Something to listen to while you browse? The homie , author of one of the best blogs around, , is also a band, Infinite Runner. Infinite Runner has a new album out, the appropriately-named Time Trials. Check out this new video for “YR BOI” from Matt and then go stream/buy the album. It’s really good if you like grunge-influenced, Jimmy Eat World-brand-emo-influenced, rock and roll music. When I listen to this record, I hear a four-piece band with two interested guitarists, an enthused drummer, a solid bass player, a few good singers—kinda exactly what I want when I see a band.

  • We begin with a very dark tale of very bad neighbors. “My Family Had A Stalker” by Elle Reeve in Slate.

  • Late to the party, but two excellent poems by Catherine Rockwood in Moist Poetry Journal, “Inverie, Knoydart, June 2024” and “Boston Seaport, July 2024.”

  • I enjoy the Weird Little Guys podcast by Molly Conger. It’s such an insight into Guys Doing Stuff. I also confess to listening less, post-election.
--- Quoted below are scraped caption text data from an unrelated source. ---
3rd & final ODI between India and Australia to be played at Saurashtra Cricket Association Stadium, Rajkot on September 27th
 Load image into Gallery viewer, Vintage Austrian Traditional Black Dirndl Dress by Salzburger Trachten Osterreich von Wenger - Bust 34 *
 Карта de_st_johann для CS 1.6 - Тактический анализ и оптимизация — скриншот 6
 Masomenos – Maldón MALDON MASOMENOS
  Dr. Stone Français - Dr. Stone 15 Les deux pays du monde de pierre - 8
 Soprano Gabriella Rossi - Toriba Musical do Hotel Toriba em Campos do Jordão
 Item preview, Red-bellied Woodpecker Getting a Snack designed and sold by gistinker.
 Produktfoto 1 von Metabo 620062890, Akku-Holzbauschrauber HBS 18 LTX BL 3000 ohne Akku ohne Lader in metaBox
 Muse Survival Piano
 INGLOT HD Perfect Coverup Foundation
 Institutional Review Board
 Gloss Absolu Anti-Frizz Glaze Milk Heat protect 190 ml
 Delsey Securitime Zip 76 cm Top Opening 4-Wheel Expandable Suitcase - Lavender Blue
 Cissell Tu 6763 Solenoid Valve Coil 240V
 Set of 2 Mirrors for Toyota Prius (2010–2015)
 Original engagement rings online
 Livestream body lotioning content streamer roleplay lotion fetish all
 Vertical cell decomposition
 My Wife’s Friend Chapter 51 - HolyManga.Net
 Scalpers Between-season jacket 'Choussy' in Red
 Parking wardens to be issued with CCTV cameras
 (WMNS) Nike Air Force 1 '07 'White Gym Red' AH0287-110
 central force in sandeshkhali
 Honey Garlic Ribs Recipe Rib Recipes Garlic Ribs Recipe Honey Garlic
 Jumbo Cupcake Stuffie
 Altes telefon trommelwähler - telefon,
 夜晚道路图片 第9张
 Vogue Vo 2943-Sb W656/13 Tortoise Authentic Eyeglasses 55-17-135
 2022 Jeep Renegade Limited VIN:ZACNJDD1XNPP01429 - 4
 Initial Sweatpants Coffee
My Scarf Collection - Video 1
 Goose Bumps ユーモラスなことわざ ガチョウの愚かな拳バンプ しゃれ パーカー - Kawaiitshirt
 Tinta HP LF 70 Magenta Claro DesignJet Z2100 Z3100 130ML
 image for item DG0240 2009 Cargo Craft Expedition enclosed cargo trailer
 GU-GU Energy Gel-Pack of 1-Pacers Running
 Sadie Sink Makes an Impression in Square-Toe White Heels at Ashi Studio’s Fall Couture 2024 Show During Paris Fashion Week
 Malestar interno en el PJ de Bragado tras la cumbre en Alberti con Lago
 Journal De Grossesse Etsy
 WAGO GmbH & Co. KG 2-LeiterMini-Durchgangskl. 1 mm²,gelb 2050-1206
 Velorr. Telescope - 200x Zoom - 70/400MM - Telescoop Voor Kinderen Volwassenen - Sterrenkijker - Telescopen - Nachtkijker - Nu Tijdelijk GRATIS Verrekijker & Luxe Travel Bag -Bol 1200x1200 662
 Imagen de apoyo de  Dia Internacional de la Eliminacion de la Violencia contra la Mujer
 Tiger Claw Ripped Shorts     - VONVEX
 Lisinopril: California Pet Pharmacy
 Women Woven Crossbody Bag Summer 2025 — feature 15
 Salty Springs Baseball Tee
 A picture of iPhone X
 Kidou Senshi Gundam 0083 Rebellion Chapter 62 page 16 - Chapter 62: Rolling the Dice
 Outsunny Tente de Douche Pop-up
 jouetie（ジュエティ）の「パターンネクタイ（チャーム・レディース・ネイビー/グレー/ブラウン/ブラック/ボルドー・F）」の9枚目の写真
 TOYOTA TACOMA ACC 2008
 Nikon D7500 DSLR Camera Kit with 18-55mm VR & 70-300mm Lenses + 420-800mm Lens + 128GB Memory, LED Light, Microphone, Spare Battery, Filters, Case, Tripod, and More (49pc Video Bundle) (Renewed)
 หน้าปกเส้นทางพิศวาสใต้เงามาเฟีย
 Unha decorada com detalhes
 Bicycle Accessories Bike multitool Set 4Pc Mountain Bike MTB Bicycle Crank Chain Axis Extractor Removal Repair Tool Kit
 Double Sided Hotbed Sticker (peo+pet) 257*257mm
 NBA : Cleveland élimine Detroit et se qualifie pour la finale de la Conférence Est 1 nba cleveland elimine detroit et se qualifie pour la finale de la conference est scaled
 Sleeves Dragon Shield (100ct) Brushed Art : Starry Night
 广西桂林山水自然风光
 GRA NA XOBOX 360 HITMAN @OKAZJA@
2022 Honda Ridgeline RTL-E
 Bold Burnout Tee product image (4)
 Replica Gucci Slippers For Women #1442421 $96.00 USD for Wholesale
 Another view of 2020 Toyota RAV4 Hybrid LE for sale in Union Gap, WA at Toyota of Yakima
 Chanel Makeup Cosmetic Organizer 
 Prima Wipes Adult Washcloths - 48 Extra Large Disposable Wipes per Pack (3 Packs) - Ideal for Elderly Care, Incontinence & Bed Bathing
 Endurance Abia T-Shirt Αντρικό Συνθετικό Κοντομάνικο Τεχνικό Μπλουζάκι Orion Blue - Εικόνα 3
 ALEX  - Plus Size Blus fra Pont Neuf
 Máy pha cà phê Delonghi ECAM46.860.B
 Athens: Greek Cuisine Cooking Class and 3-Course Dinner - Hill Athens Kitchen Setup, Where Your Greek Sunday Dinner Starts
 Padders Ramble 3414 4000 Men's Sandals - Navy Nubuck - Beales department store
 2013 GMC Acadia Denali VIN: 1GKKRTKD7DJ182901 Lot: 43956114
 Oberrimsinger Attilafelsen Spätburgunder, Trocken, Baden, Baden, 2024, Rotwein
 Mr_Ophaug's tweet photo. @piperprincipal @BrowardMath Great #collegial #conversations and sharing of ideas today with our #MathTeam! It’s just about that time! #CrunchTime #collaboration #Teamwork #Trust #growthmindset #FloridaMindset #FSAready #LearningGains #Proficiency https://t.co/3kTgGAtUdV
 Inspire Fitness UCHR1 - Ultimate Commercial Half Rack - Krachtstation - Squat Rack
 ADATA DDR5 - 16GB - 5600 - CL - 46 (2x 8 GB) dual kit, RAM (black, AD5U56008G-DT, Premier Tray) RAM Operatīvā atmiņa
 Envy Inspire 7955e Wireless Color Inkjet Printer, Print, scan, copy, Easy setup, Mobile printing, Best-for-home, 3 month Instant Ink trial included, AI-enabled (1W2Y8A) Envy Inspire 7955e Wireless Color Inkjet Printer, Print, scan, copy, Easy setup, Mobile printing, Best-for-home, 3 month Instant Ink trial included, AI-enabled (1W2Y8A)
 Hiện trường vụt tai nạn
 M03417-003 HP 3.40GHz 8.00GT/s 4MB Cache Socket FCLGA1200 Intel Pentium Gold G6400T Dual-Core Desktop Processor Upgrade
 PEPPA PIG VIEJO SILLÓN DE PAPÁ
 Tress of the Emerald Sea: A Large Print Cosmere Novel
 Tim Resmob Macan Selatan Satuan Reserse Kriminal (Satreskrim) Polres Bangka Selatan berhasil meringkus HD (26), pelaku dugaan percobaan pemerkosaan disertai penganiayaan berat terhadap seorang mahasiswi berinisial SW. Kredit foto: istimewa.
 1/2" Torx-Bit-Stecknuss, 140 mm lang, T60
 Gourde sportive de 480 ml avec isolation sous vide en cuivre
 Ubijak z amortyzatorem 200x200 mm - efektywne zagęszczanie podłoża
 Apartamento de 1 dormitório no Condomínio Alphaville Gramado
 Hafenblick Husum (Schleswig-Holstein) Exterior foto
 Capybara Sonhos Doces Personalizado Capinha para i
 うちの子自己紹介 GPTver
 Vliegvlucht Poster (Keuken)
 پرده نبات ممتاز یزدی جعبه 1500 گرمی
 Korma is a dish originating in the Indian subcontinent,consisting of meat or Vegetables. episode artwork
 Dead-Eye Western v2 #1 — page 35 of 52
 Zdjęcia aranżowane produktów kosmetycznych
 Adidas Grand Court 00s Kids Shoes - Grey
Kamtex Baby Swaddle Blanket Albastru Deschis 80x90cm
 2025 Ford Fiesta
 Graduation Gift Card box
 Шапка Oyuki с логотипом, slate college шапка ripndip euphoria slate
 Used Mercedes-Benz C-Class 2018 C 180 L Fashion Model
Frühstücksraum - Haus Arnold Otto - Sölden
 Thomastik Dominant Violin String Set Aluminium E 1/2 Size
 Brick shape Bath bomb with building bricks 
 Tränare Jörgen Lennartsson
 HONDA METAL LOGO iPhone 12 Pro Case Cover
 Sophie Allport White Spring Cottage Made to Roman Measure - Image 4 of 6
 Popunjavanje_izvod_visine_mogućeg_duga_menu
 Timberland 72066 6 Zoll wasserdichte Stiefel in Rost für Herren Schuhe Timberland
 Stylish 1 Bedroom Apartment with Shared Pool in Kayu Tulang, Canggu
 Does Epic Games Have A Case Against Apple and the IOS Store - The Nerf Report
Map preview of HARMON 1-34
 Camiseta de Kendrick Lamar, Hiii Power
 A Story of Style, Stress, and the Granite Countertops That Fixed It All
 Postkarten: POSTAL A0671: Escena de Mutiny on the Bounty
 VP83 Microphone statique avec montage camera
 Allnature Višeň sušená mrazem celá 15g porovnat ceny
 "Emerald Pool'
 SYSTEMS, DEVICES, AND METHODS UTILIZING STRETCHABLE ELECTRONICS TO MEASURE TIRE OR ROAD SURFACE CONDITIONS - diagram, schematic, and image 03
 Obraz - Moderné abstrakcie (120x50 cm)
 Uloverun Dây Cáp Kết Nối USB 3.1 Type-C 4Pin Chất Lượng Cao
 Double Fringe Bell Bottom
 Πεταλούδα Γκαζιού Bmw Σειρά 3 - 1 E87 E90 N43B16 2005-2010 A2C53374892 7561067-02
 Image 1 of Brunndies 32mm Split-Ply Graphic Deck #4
These guys are still weird, and small, and bad, and beatable. But you know. Anyway, this series of episodes I haven’t listened to, but I want to highlight a five-part series that ran in January about 21st century Klansman Dennis Mahon (Part 1 | Part 2 | Part 3 | Part 4 | Part 5). Now here’s last week’s episode description: “‘They got what they wanted.’ Those were the words of Don Logan after a February 11, 2025 meeting of the Scottsdale, Arizona city council. Twenty-one years after Dennis Mahon tried to murder Logan with a package bomb, the city of Scottsdale finished what the klansman started: they closed the city’s diversity office.”

  • Jesus Christ, take us back to poetry. Add a little music, if you can help it. Here’s “Band Camp” by Millie Tullis in Moist Poetry Journal.

  • A funnier mirror of “My Family Had A Stalker,” here’s Tom Ley in Defector with “The Cranks Next Door.” This one looks at the Lincoln Eagle, an independent newspaper in whatever suburb Tom lives in. Sorry, did I say independent newsletter? I meant weirdo right wing zine these old guys hand-print and deliver to people’s doors, unasked. You wouldn’t want to spend 30 seconds around these assholes and jagoffs, but reading Tom’s column is the hardest I’ve laughed all week. A pull quote, since Defector is subscription-based (but worth it!): “Elon Musk went crazy by falling into a slipstream of tweets and replying, “Wow,” at every verified white supremacist he came across. I don’t know how Glenn Chapman went crazy, but I’m sure he put more effort into it than that…I don’t know what the proprietors of the Lincoln Eagle hope to accomplish by occasionally dropping their newspaper onto people’s driveways, but it is not retweets and cheap engagement they are after.”

What’re you still doing here? Don’t you know Micah and Brendan have a show?

If you work in the service industry, may you clean up in tips this weekend. May the writers and publishers at the Lincoln Eagle not be your customers this weekend. I mean, like 75% of restaurant and retail customers have a decent portion of the publishers of the Lincoln Eagle in their hearts. May you get the poets.